(Beginning of DATA)

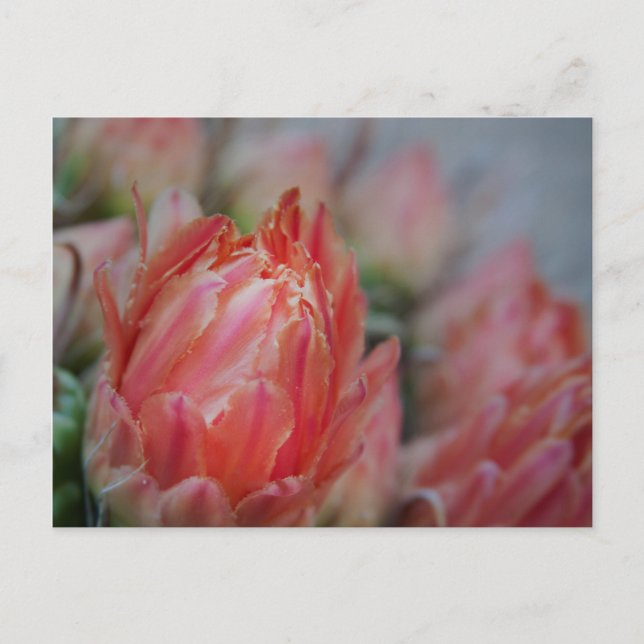 Postal Rentabilidad de los veranos tardíos (Anverso)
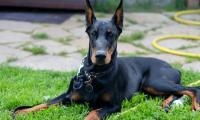 foto cane doberman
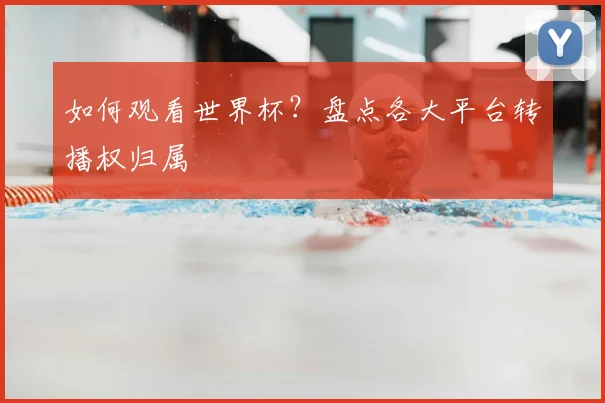 如何观看世界杯？盘点各大平台转播权归属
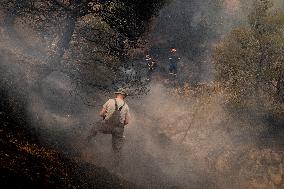 Wildfire In Nea Zoi Of Nea Peramos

(End of DATA)

WHAT YOU ARE ASKED TO DO - Please copy out the whole listing exactly, minus its pictures.

SOLUTION FOR THIS TASK -
 Postal Rentabilidad de los veranos tardíos (Anverso)
 foto cane doberman
 如何观看世界杯？盘点各大平台转播权归属
 Wildfire In Nea Zoi Of Nea Peramos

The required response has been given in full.